Task to complete:
From the line with "Ferrari SF90 I" to the end of the data below, restate each line word for word, both ends included, without the pictures.

Recorded data:
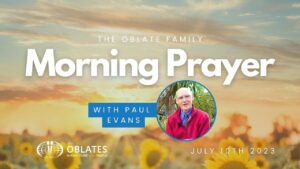 morning prayer july 10th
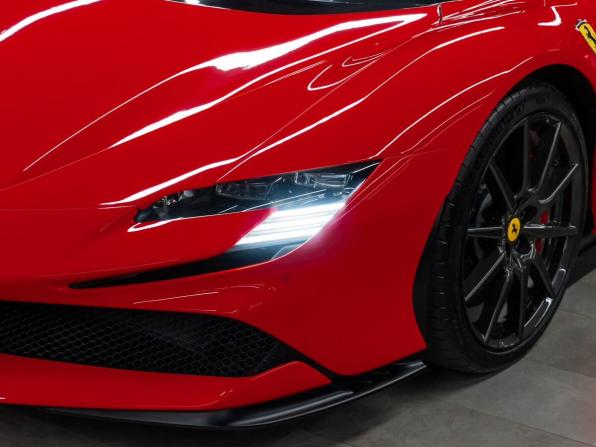 Ferrari SF90 I с пробегом 2022 года, цена 44 600 000 рублей, 7493 км, кабриолет, Автокод Объявления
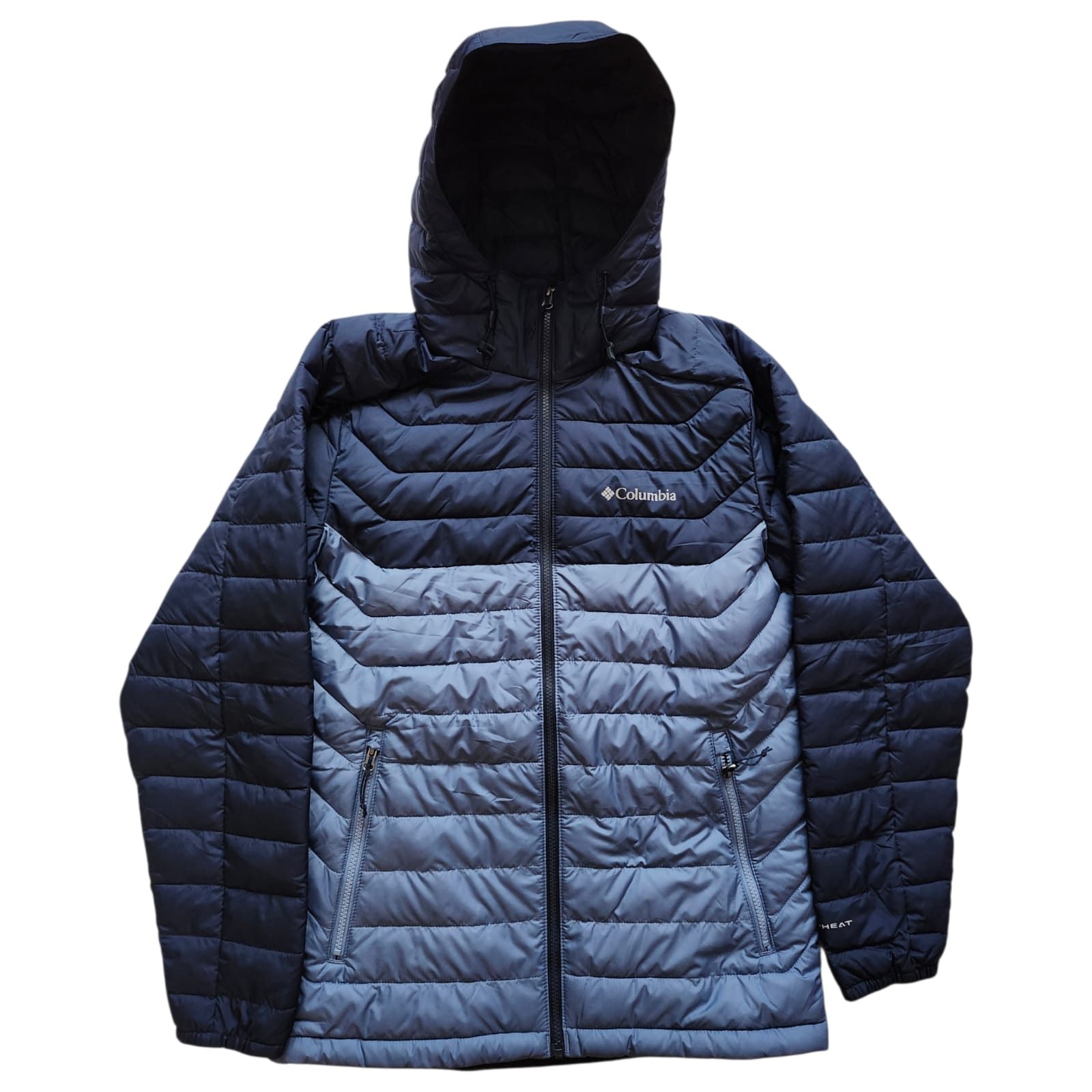 Chaqueta Columbia White Out FS Hooded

Answer to this task:
 Ferrari SF90 I с пробегом 2022 года, цена 44 600 000 рублей, 7493 км, кабриолет, Автокод Объявления
 Chaqueta Columbia White Out FS Hooded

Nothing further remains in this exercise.